En planifiant la construction d'une nouvelle usine, la direction de Cascades (T.CAS) a fait un constat qui a créé une onde de choc dans le clan Lemaire: les employés québécois coûtent beaucoup plus cher que leurs confrères américains.

«On a fait une petite vérification à l'interne et un employé québécois peut nous coûter de 35% à 75% plus cher qu'un employé américain», a affirmé le grand patron de Cascades, Alain Lemaire, au cours d'une récente entrevue à La Presse Affaires.

Cette analyse des coûts a été réalisée alors que le papetier-recycleur de Kingsey Falls est en train d'analyser la pertinence d'un «gros projet», la construction d'une nouvelle usine dont les seuls coûts de construction atteindront les 60 millions de dollars. Si le projet va de l'avant, l'usine sera vraisemblablement construite aux États-Unis.

Cette différence de traitement des employés inclut tant les salaires que les bénéfices qui leur sont versés. Dans certains cas, ce sont les salaires qui sont plus élevés, dans d'autres, ce sont les bénéfices. En moyenne, précise-t-on chez Cascades, l'écart de traitement est de 50% entre les usines québécoises et américaines. La comparaison a été effectuée entre les usines qui fabriquent le même produit.

«Ça nous a un peu donné un choc», admet Alain Lemaire.

«On a été protégés pendant une décennie ou deux en raison du dollar faible, poursuit M. Lemaire. Donc, on ne se préoccupait pas des salaires ou des bénéfices parce qu'on pouvait être facilement concurrentiels. Aujourd'hui, on a un dollar au pair, il faut donc se comparer.»

Dans l'ensemble des activités de Cascades, 54% des employés sont syndiqués. Aux États-Unis, c'est à peine 37%.
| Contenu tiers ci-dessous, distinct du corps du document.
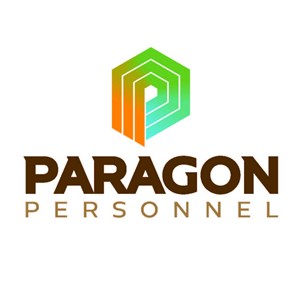 Paragon Personnel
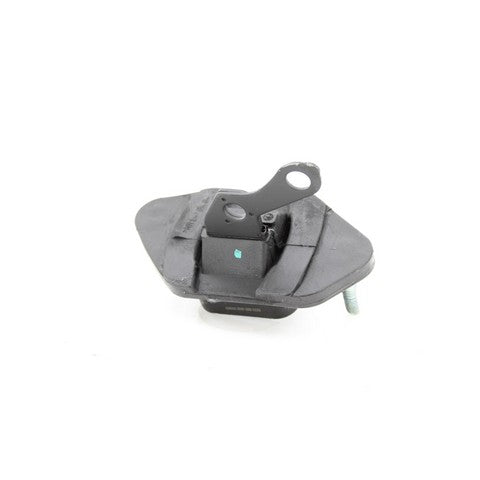 Vazlo Transmission Mount P/N:3429 Fits: Acura Tsx 14-09, Honda Accord 12-08 - Image 18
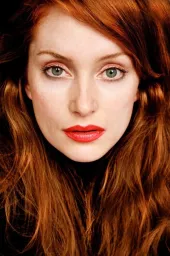 Lotte Verbeek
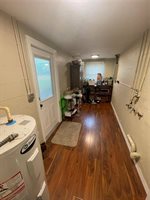 35444 Chancey Road, Zephyrhills, FL 33541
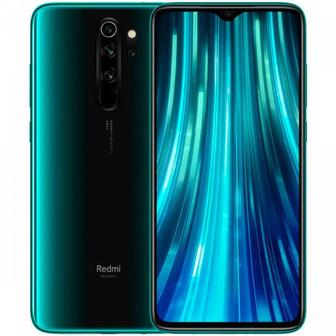 Redmi note 8 pro By Xiaomi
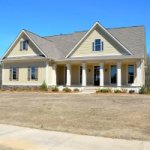 sell my house In New Bern NC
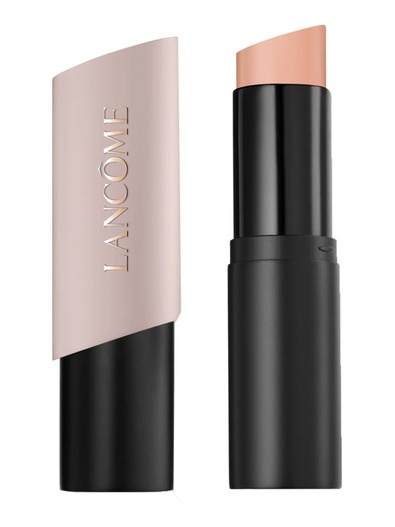 Lancôme Teint Idole Fond de Teint Foundation N° 02 9 g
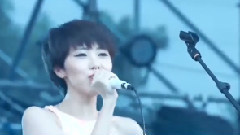 后海冲浪手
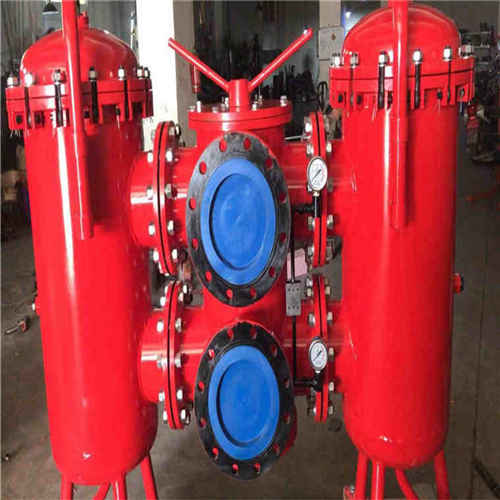 INDUFIL濾芯INR-Z-1813-A-CC25
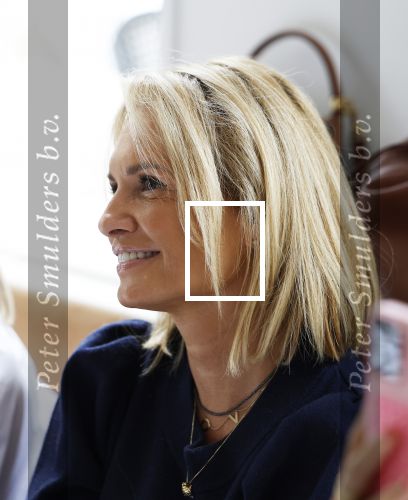 Laren 2 juli 2024
Boekpresentatie Vivian Reijs . oa aanwezig Leontine Ruiters Anouk de Mol Anouk Smulders Merel v Carlsburg .
Ook haar dochter Day Ewbank moeder Meddy Clous en broer Bobby Clous waren aanwezig.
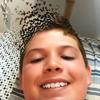 leogott09 - @leogott090 - TikTok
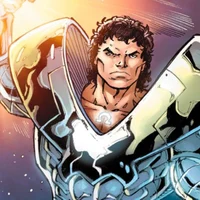 El beyonder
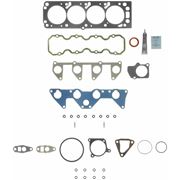 Bild von Entrussersatz (Head Set)
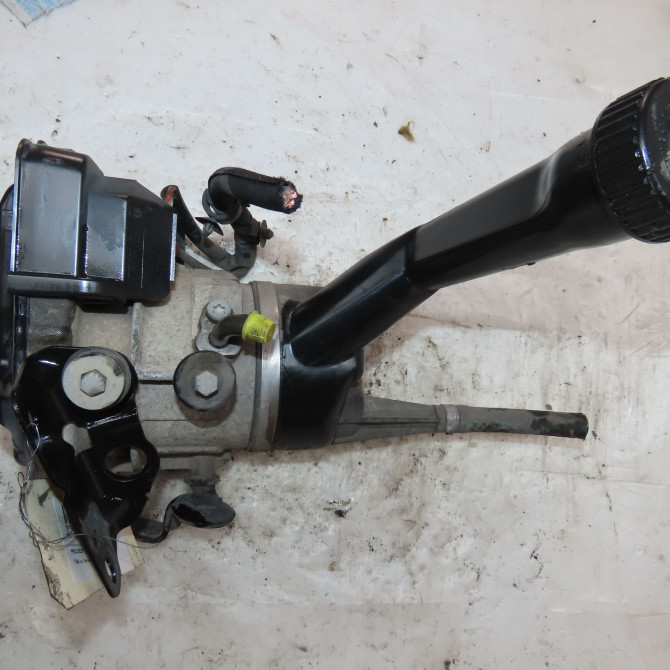 Moteur electrique de direction assistée occasion  Peugeot 308 I (4A_, 4C_) 1.6 hdi (2007-2014) 5 portes   9684979180  5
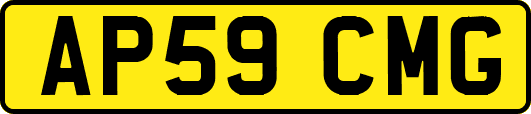 AP59CMG
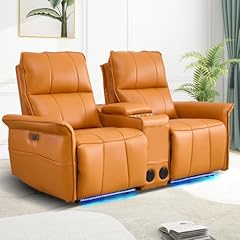Oqqoee power reclining for sale  Delivered anywhere in USA 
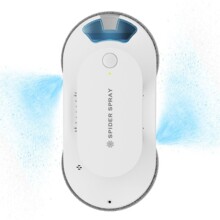  Spider SPRAY X (със спрей функция) 882497 110568 на топ цена - PIC.bg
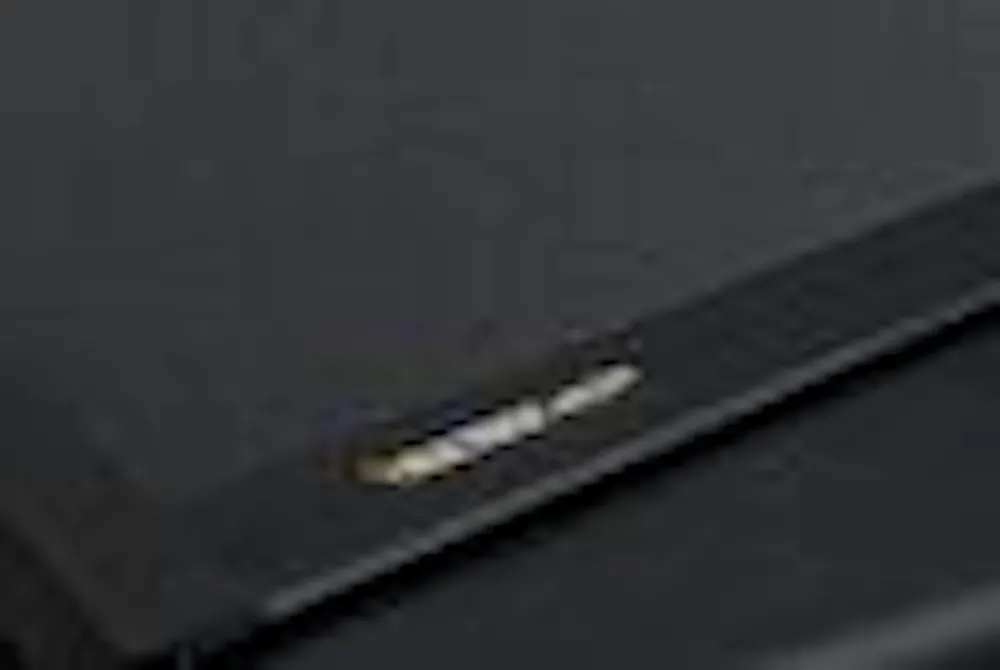 UnderCover AX32009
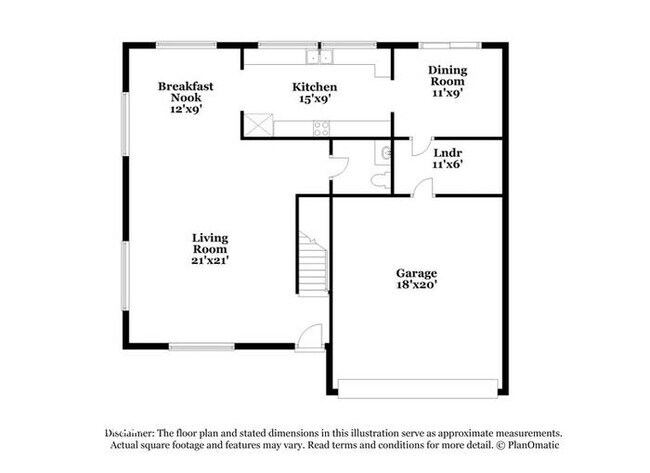 Building Photo - 7330 Shadow Trl, San Antonio, TX 78244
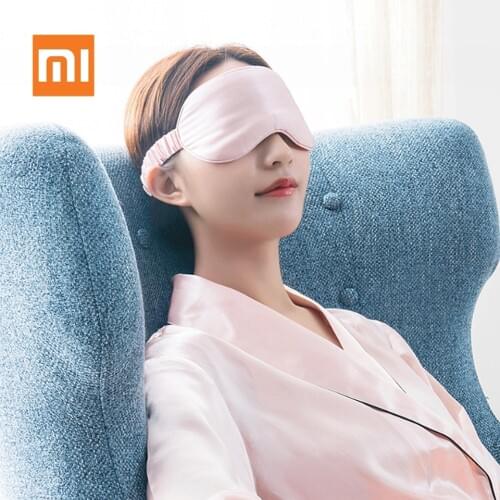 Xiaomi Eye Care Tools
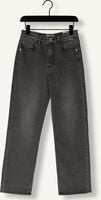 Grijze VINGINO Wide jeans GIULIA Grijze VINGINO Wide jeans GIULIA - medium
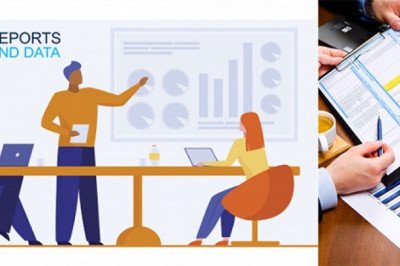 Medical Document Management Market Key Players, Competitive Landscape, Growth, Statistics, Revenue and Industry Analysis Report by 2026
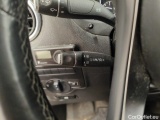  Mercedes  Vito Mercedes-Benz  114 CDI L2 Aut. 4d #27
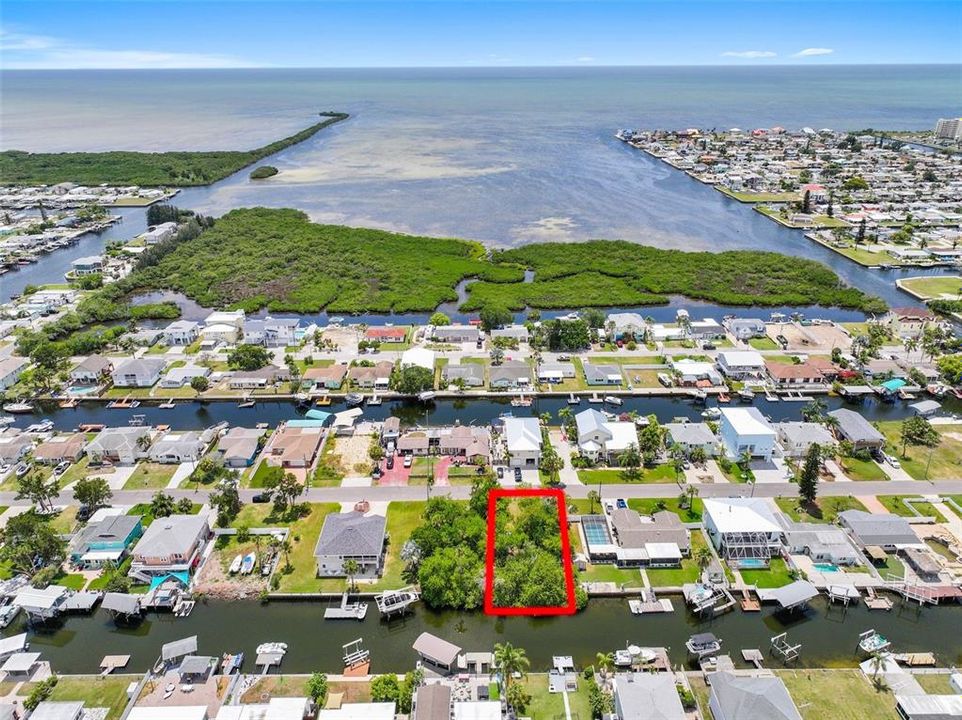 For Sale: $125,000 (0.13 acres)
Avec un chiffre d'affaires de 4 milliards de dollars, Cascades verse environ 1 milliard par année en coût de main-d'oeuvre, précise son président et chef de la direction. Une composante non négligeable dans une analyse de rentabilité.

Fait important à noter : si les travailleurs d'usine coûtent moins cher aux États-Unis, il en va autrement pour les cadres qui, eux, sont mieux payés qu'au Québec, souligne-t-il.

Plus que des salaires

Mais il y a plus que les salaires qui poussent Cascades à lorgner le sud de la frontière. Et cette analyse pourrait aussi s'appliquer à d'autres acteurs du secteur manufacturier québécois. Ce secteur a éliminé près de 150 000 emplois québécois depuis son sommet de 2002.

Ainsi, avec des coûts de transport en hausse, Cascades cherche à se rapprocher de ses clients américains.

La proximité des fibres à recycler importe également. Si la société papetière peut réduire le kilométrage des camions qui la transporte, c'est une autre source d'économie.

Même un avantage longtemps associé au Québec commence à perdre de son lustre : les faibles coûts de l'électricité. «Aux États-Unis, tu peux avoir des taux aussi bons qu'au Québec. Et pour faire du papier, ça prend beaucoup d'énergie.»

Tous ces facteurs font en sorte que la croissance de Cascades risque de se faire davantage aux États-Unis qu'au Québec au cours des prochaines années. «Si on pensait que le dollar canadien revenait à 60 cents US, on construirait ici, souligne encore M. Lemaire. Mais dans notre étude, oui, on est obligé de considérer plus le côté américain que le côté québécois.»

Dans le contexte économique actuel aux États-Unis, les États américains se font particulièrement généreux avec les entreprises qui désirent s'y installer. Aussi, souligne-t-il, les études d'impact environnemental se font plus rapidement. «Aux États-Unis, quand ils veulent une industrie, les portes ouvrent grand.»